12 Jul 2010

Mining tax compromise welcomed

7:57 am on 12 July 2010

A compromise with global mining companies by the Australian government over a proposed new resource tax, has been welcomed in financial markets.

Radio New Zealand's Sydney correspondent says financial markets were already on edge when then-Prime Minister Kevin Rudd proposed a tax of 40% on the "super" profits of miners on 2 May.

The plan was to deliver a "fairer share" to taxpayers from the commodities boom.

But miners saw the tax as a cash grab and unleased an advertising campaign to defeat it.

The two-month stoush was a key factor in Mr Rudd's overthrow by Labor Party faction bosses.

New Prime Minister Julia Gillard immediately defused the row by cutting the propsoed tax to 30%, raising its trigger level and limiting its coverage to coal and iron ore.

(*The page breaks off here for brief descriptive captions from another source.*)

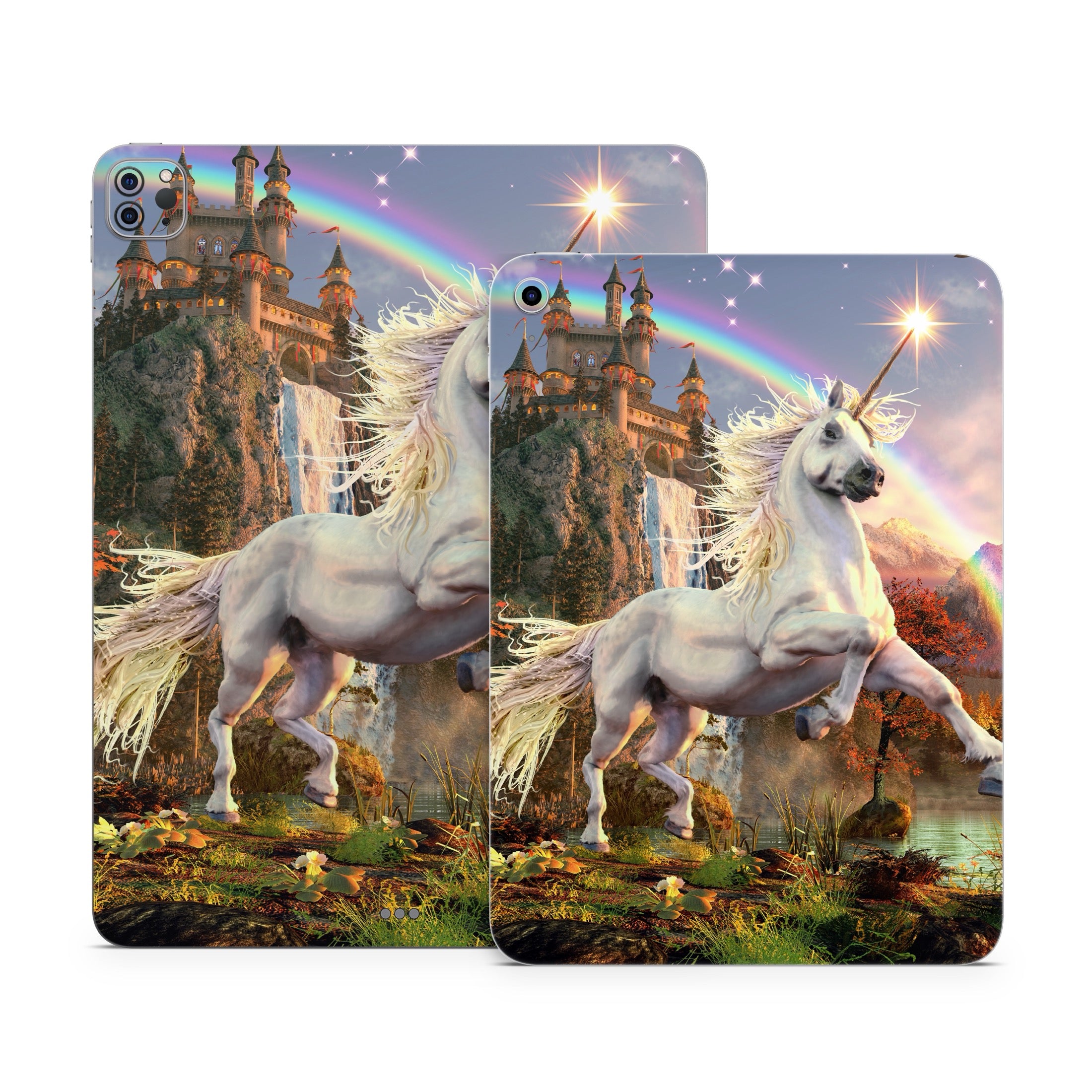 Evening Star - Apple iPad Skin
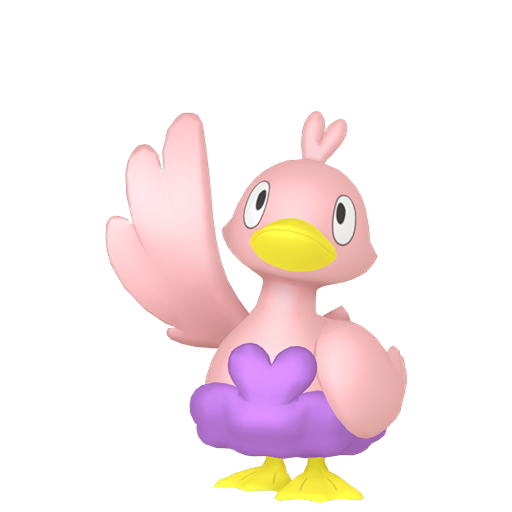 Ducklett (Shiny) Product Image
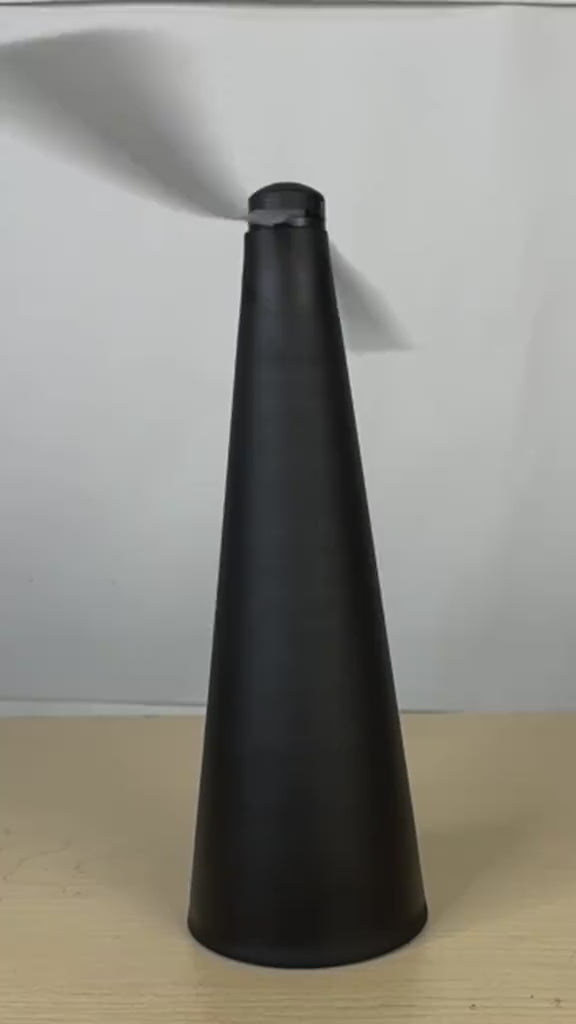 Ventilador repelente de mosca para mesa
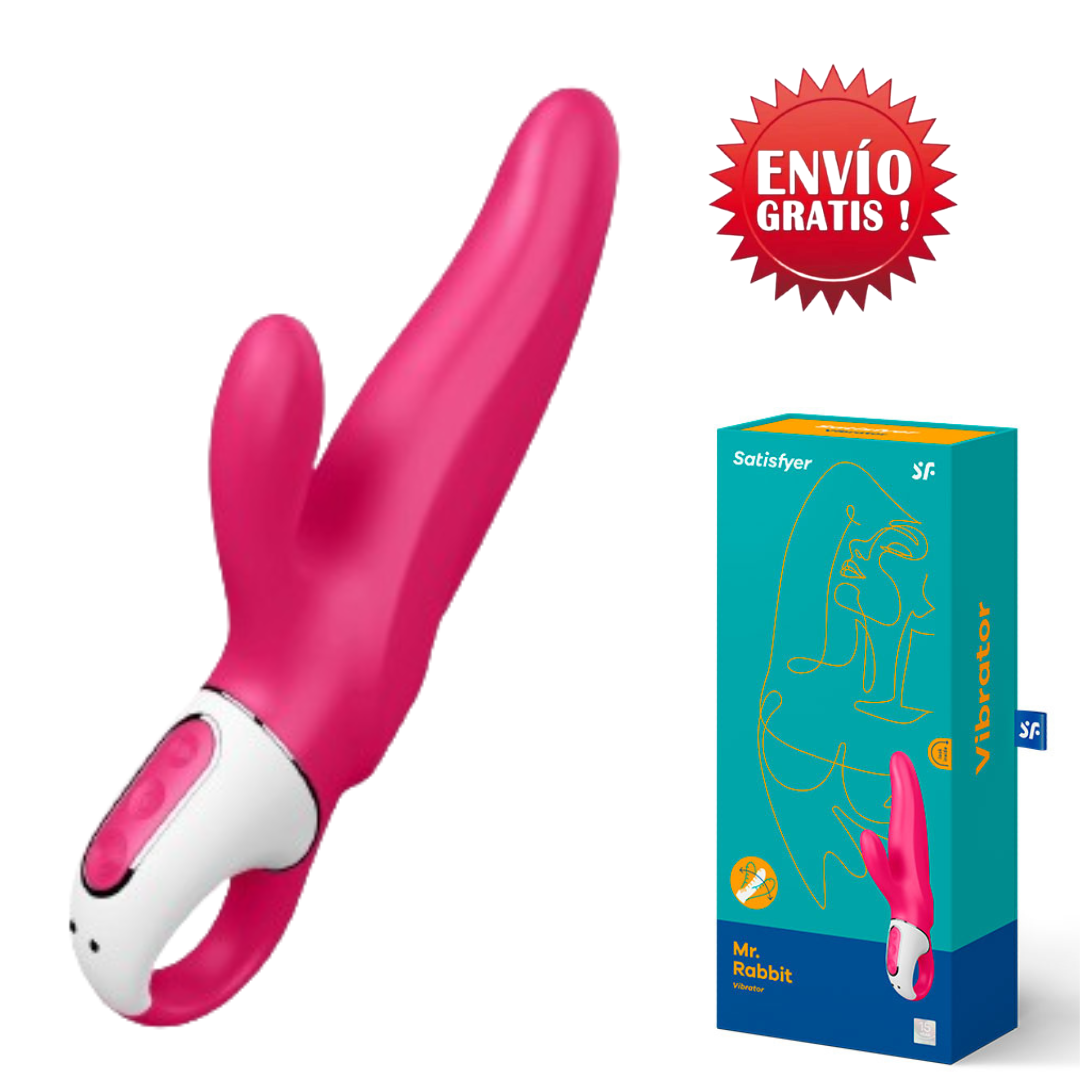 Satisfyer Vibes Mr. Rabbit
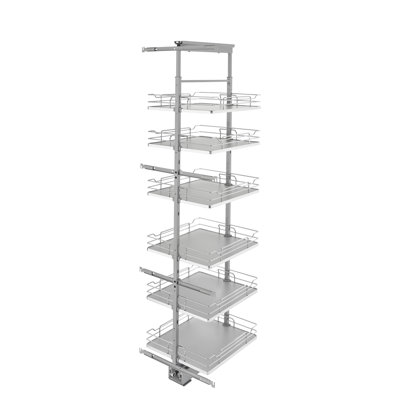 Système de garde-manger ajustable Rev-A-Shelf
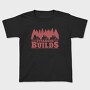 Stranger Builds, Tricou Copii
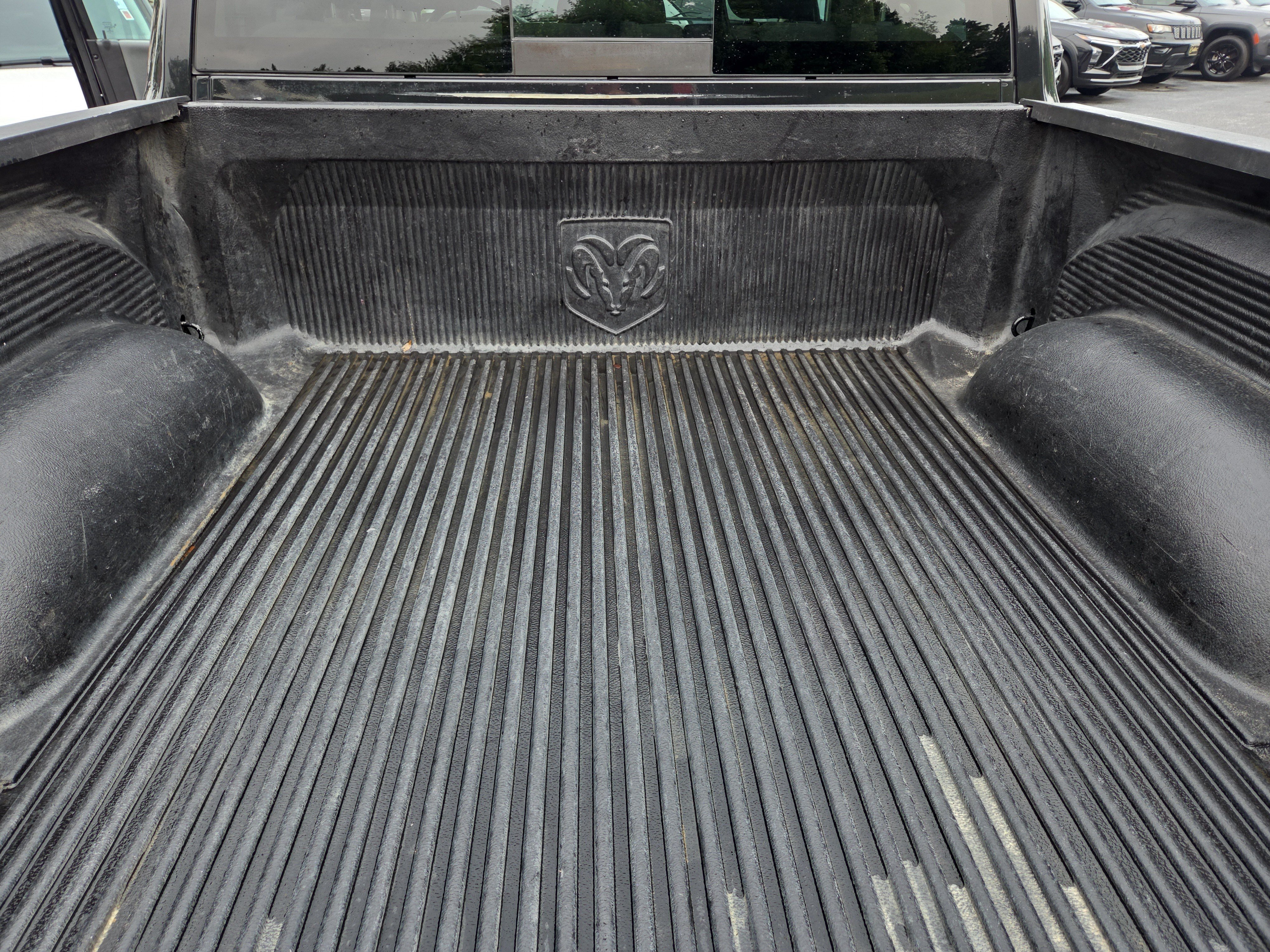 Used 2015 RAM 1500 Big Horn AWD/4WD image 29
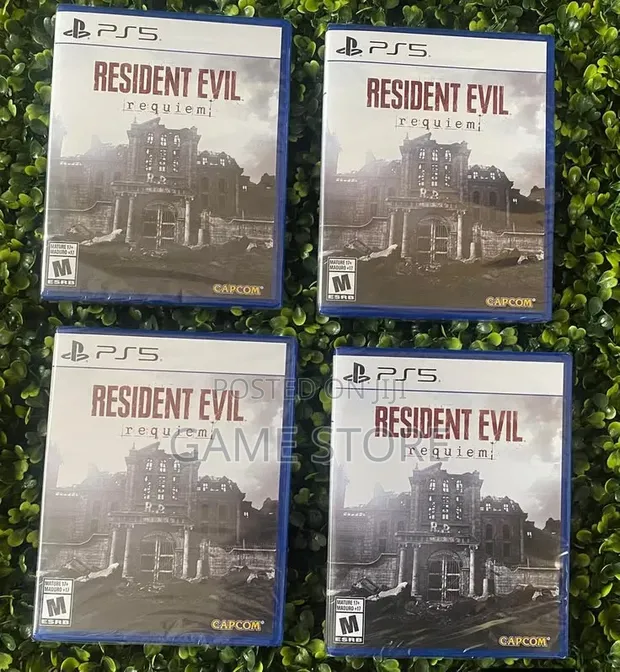 Resident Evil Village: Shadows of Rose DLC for PS5 - 1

The miners have now called off their campaign, taking some heat off the government before the election campaign.

But the tax battle is seen as limiting the chances of further economic reform in Australia.

A big element in Australia's strong economy was two decades of economic reform, firstly under the Hawke and Keating governments and then under John Howard.

However, Radio New Zealand's Sydney correspondent says some economists are now wondering whether reform is possible in the current climate of extreme partisan politics and a media more interested in entertaining people than informing them.

After this episode, the view is governments may think twice about any reform that might cost them votes.